Abstract

This document contains my notes on selected topics from the book "Reinforcement Learning - An Introduction" by Richard Sutton and Andrew Barto.

Introduction

We want our agent to sense and act on its environment in order to optimize a goal. To do so, it will have to trade-off between eploration and exploitation.

Elementary Concepts

The main 4 elements of a reinforcement learning system are the policy, the reward function, the value function, and (optionally) the model of the environment.

Policy: it defines the behaviour of the agent. (eg, a mapping from states to actions)
Reward Function: it's the goal to optimize in the reinforcement learning problem.It can not be alterable by the agent, and maps each state to a reward.
Value Function: it specifies what is good in the long run, taking into account the states that are likely to follow.
Model: it provides an estimation of the environment.

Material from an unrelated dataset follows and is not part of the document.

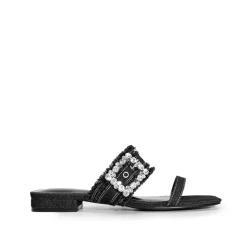 Women's Rhinestone Buckle Denim Sandals
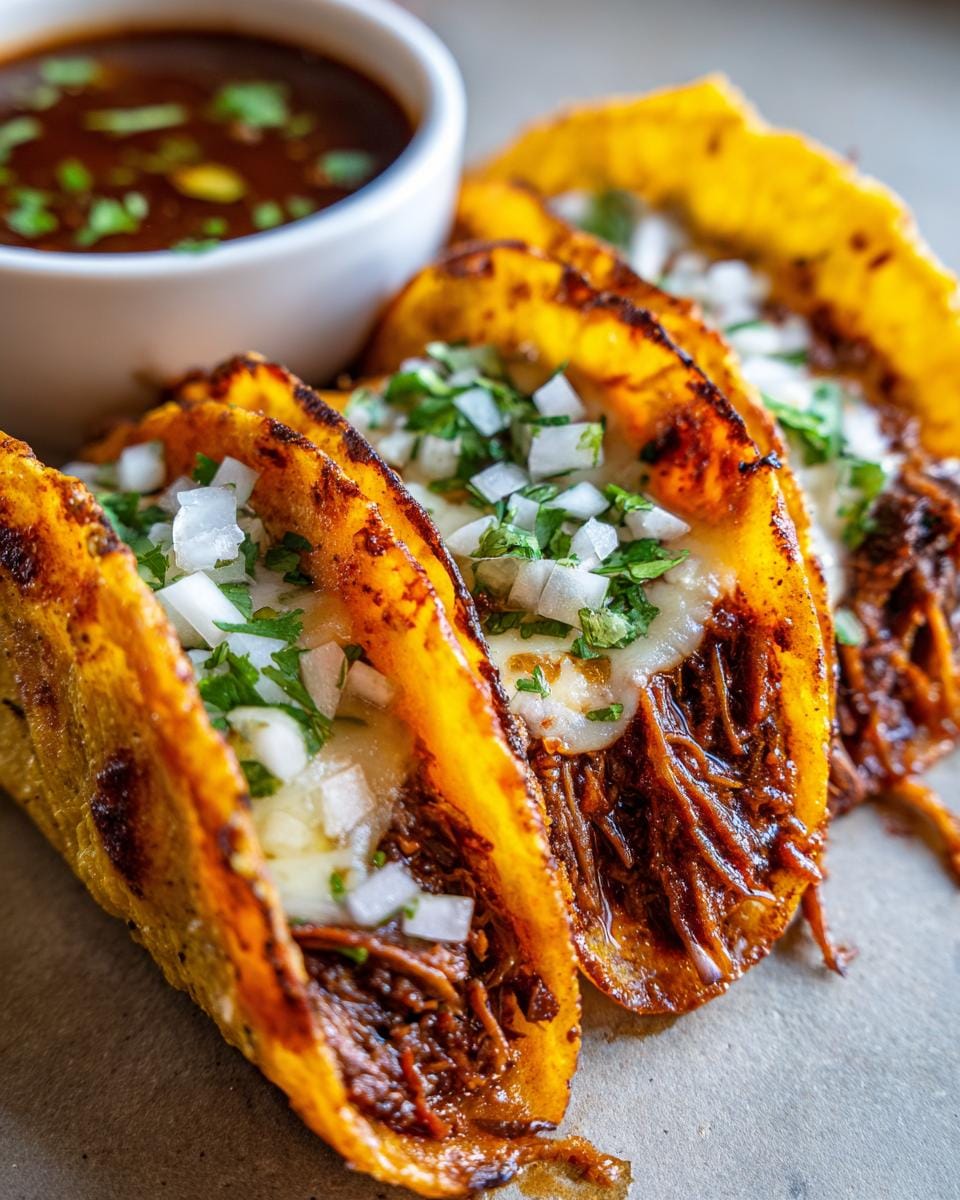 Close-up of crispy Birria Tacos filled with shredded beef and cheese, served with a side of consomé.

Models can be used for planning. (ie, evaluating future courses of actions, and deciding upon them)

Historical Review

Turing, 1950: First idea of learning by trial and error
Shannon, 1950: Computing a function that evolves through time to play chess
Minsky, 1954: (PhD Thesis) Computational models of RL, with neural nets (SNARCs), secondary reinforcers
Farley & CLarke, 1954: Trial and error with neural nets
Samuel, 1959: Checkers with temporal difference implementation
Minsky, 1961: 'Steps Towards AI', discussion of credit assignment problem
Michie, 1961, 63: Tic Tac Toe with trial and error (MENCACE)
Klopf, 1972, 75, 82: Differences between supervised and reinforcement learning
Witten, 1977: TD(0)
Barto, Sutton, & Anderson, 1983: Actor-Critic and solving Pole Balancing
Barto, 1984: (PhD Thesis) Extensive study of Actor-Critic
Sutton, 1988: TD(\(\lambda\))
Watkins, 1989: Q-Learning
Tesauro, 1992: TD-Gammon

Evaluative Feedback

\(n\)-armed bandit problem: given a state, you have can use any of the \(n\) levers. Optimize your sequence of actions.

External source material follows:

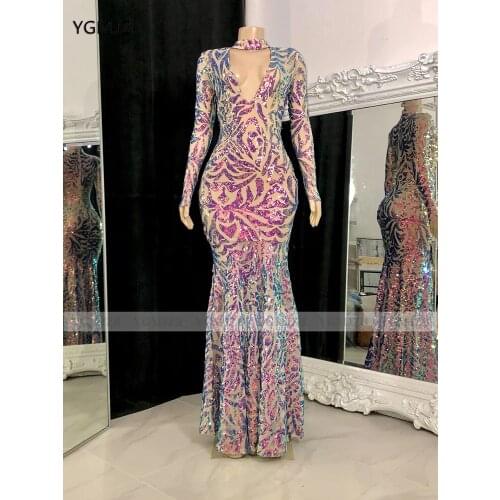 Mermaid Sequin Evening Dresses 2021 V Neck Long Sleeves Floor Length African Girls Saudi Arabic Women Formal Prom Gowns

The greedy method of selecting an action is to choose the one that maximizes \(Q_t(a)\) for action \(a\) at time \(t\). Instead, \(\epsilon\)-greedy uniformly samples over the set of actions with a small probability \(\epsilon\), and otherwise behaves like greedy. Generally speaking, the higher the variance in the reward the larger \(\epsilon\). We can also slowly decrease \(\epsilon\) while training, to speed it's convergence rate up. Softmax action selection passes the \(Q\) values in a Boltzmann distribution and samples accordingly. For action \(a\) at time \(t\) the probability is

\[ \frac{e^{Q_t(a) / \tau}}{\sum_{b \in A} e^{Q_t(b) / \tau}} \]

where \(\tau\) is the temperature parameter. (\(\tau = 0 \rightarrow\) greedy, \(\tau = \infty \rightarrow\) random choice)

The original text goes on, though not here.